Certa tarde, ao chegar a casa, notei com tristeza que uma árvore de muitos anos que sempre estivera em frente às janelas do meu prédio, tinha sido cortada. Por razões de segurança, disseram. Compreendi.
No lugar da árvore ficara apenas o tronco, fantasma daquela que vaidosa esticava os ramos céu acima. Restou apenas o silêncio de algo que parecia indestrutível mas que afinal era muito mais frágil do que imaginara.
Conto-vos sobre esta árvore, porque a natureza explica-nos em larga escala os acontecimentos da vida e se tornam exemplos para tudo o que nos acontece.
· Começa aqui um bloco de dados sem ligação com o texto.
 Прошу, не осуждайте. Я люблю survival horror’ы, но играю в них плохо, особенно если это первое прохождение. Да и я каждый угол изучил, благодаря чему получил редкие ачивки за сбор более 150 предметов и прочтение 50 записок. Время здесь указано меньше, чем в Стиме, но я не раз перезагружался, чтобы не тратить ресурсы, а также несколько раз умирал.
Dela se retiram lições e aprendizagem, verdadeiros mestrados sobre como lidar com o estado das coisas.
Cresci, em parte pela minha educação, noutra parte pela teimosia irredutível de ser, a tomar a vida pelas rédeas e a não desistir de coisa alguma até se esgotar toda e qualquer possibilidade de concretização. É uma característica jeitosa, que me permitiu levar a bom porto muitas coisas e vencer tantas outras.
No entanto, tudo tem o limite. É que às vezes também insistia mesmo quando o caminho se tornava demasiado amargo. Mesmo quando tudo indicava que devia soltar, largar, desistir. Paguei, muitas vezes caro, esta minha tenacidade e teimosia. Tal como eu, conheço muitas pessoas assim.
Perder, na nossa sociedade, é sinónimo de fraqueza. É indicador de valer menos. E ninguém quer lidar com a sensação de frustração, de não se ter chegado ao lugar que se queria quando muitas vezes se lutou tanto sem ver finais.
Tal como a árvore que foi cortada, há qualquer coisa que brutalmente fica inacabada, sem direito a permanecer, a ser. Desistimos porque não temos alternativa senão baixar os braços. Tudo foi experimentado. O caminho foi-nos vedado.
Viver requer uma certa arte de perceber os sinais de que o caminho não é por ali. Vencer é também saber perder. Quando nos questionamos demasiado, quando o esforço é muito maior que a alegria da jornada, definitivamente estamos a subornar-nos. A não permitir que algo muito maior possa surgir.
Temos de nos permitir caminhar com a sensação de que perdemos, com tudo a escorrer-nos por entre os dedos. Entregar. Na entrega está a sabedoria que confiamos em como tudo está certo e que novos lugares surgem de lugares já gastos e infrutíferos.
Na realidade só vemos uma imagem muito pequenina de um todo que não nos é revelado ou percebido a não ser mais lá à frente. Ao deixarmos-nos vazios por um tempo é quase certo garantia que seremos mais completos em algum ponto sem o que nos parecia impossível de não ter. Ou conseguir. Ou vencer…
O tronco da árvore ainda lá está. Mas agora já não permanece vazia. No tronco que lhe restou começou a nascer folhagem, em desafio ao caminho que lhe foi cortado abruptamente. Todos os dias, ao chegar a casa, não os vejo mas consigo imaginar os ramos abertos e felizes a abraçarem o infinito.